La ciudad que celebra su propio abandono

Tegucigalpa, la ciudad de los cerros y los contrastes, merece algo distinto a este simulacro. Su gente -obreros, estudiantes, comerciantes, mujeres que sostienen familias enteras- mantiene vivo el pulso a pesar del abandono

  • Actualizado: 29 de septiembre de 2025 a las 00:00

Tegucigalpa amanece con el rugido de los motores. El Cerro de Plata no despierta con cantos de pájaros, sino con el claxon insistente de un parque vehicular que se multiplica como plaga. El aire tiene un olor acre a gasolina rancia, a esmog que irrita la garganta. En esta ciudad, donde la topografía misma parece una trampa, la vida se vive entre embotellamientos eternos, como si el tiempo fuera una autopista sin salida.

Las calles se asfixian. Los camiones vomitan humo negro, y los autos -chatarra y lujosos por igual- devoran cada centímetro de asfalto. El transporte público es una lotería diaria entre la vida y la muerte. Tegucigalpa no respira: jadea. La infraestructura colapsa ante esta marea metálica, mientras los peatones, condenados a la orilla, inhalan un veneno cotidiano. Aquí, la contaminación no es un dato en un informe: es el clima “normal” de la ciudad.

Pero la crisis del aire es apenas un capítulo. El agua, un recurso básico, es, de hecho, un privilegio. Barrios y colonias enteras esperan con ansiedad las horas en que las tuberías exhalen un hilo breve. Mientras, las promesas de nuevas represas o planes de distribución se disuelven en oratoria política. Así es la capital de un país con ríos caudalosos de basura y discursos vacíos.

Las calles del centro exhiben a diario su mercado de sobrevivencia: vendedores ambulantes que ofrecen desde frutas hasta chatarra tecnológica, niños que piden monedas, y ancianos que duermen en portales de edificios. La inseguridad en la ciudad es un tablero de ajedrez donde la violencia decide los movimientos, donde el miedo dicta la ruta más corta, y la hora de volver a casa es un milagro diario.

Y sin embargo, Tegucigalpa “festeja” sus 447 años. Luces de carnaval, conciertos, tarimas, neón y un gasto municipal que brilla como espejismo. La celebración no es para el pueblo, sino para la maquinaria electoral que se aproxima. El alcalde sonríe bajo reflectores de colores, convencido de que el estruendo de la música ahogará el murmullo de la indignación. La ciudad, convertida en escenario de propaganda, se disfraza de alegría mientras sus entrañas mueren de carencias.

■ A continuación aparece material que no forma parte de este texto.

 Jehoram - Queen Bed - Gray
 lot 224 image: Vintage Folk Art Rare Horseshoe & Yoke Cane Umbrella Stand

Esta fiesta es una metáfora obscena. Mientras se encienden luces, las colonias se oscurecen en apagones. Mientras se inauguran carnavales, los barrios se ahogan en lodazales. El dinero que se derrocha en tarimas podría rescatar sistemas de agua, mejorar el transporte, limpiar ríos y calles. Pero la política entiende el poder como espectáculo, no como servicio.

Es irónico que esta ciudad, fundada hace más de cuatro siglos, celebre su aniversario no como una comunidad que mira al futuro, sino como un feudo político que se aferra a viejos métodos: clientelismo, farándula, pan y circo. Esta imagen de fiesta revela la verdadera estructura del poder: una municipalidad que administra la pobreza para cosechar votos, un municipio que prefiere el destello inmediato a la dignidad humana.

Tegucigalpa, la ciudad de los cerros y los contrastes, merece algo distinto a este simulacro. Su gente -obreros, estudiantes, comerciantes, mujeres que sostienen familias enteras- mantiene vivo el pulso a pesar del abandono. No es la alcaldía quien sostiene a Tegucigalpa; son sus habitantes, quienes cada día inventan maneras de resistir. Ellos son el “buen corazón” de una ciudad que respira con dificultad, pero que no se rinde.

Cuando las luces del carnaval se apaguen y la basura de la fiesta se acumule en las cunetas, la realidad seguirá ahí: un tráfico brutal, un caos que enferma, el agua que no llega, y una pobreza que no se oculta. Mientras los políticos calculan sus próximas campañas, la ciudad, esa inmensa contradicción, seguirá esperando un gobierno que la trate no como escenario de propaganda, sino como hogar de seres humanos.